§ Your assignment: Starting at the line that holds "Detail Gallery Image", quote every line through the end of the records, both boundary lines included. Omit the pictures.

● ● ● ●

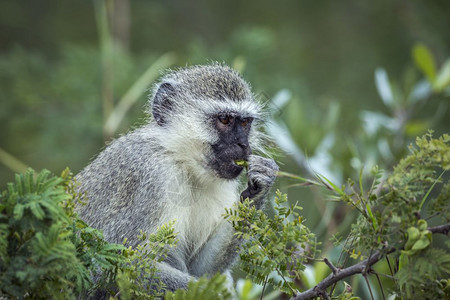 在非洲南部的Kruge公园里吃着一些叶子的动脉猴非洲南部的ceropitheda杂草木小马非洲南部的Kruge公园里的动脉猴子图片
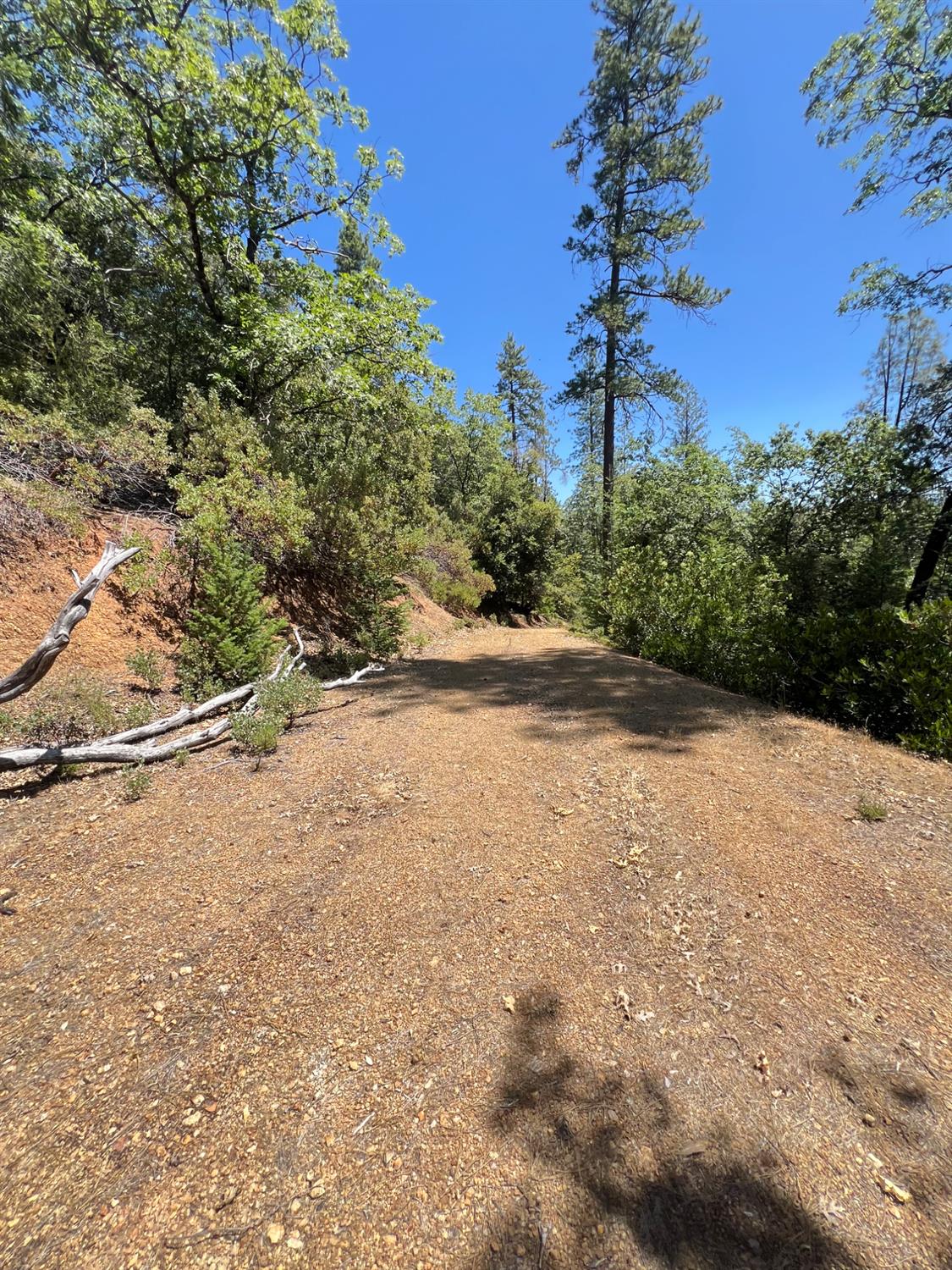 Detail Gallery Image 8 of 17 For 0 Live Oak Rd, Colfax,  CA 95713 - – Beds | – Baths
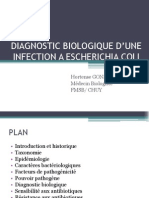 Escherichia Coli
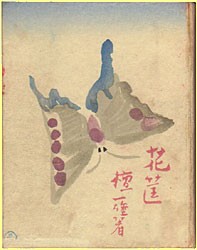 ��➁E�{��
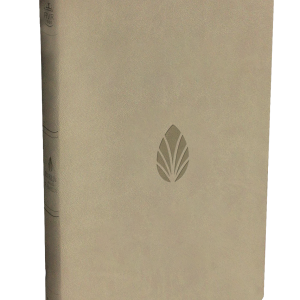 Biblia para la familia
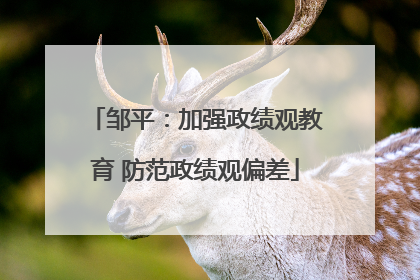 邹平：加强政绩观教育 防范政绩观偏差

● ● ● ●

§ Answer for this exercise:
 Detail Gallery Image 8 of 17 For 0 Live Oak Rd, Colfax,  CA 95713 - – Beds | – Baths
 Escherichia Coli
 ��➁E�{��
 Biblia para la familia
 邹平：加强政绩观教育 防范政绩观偏差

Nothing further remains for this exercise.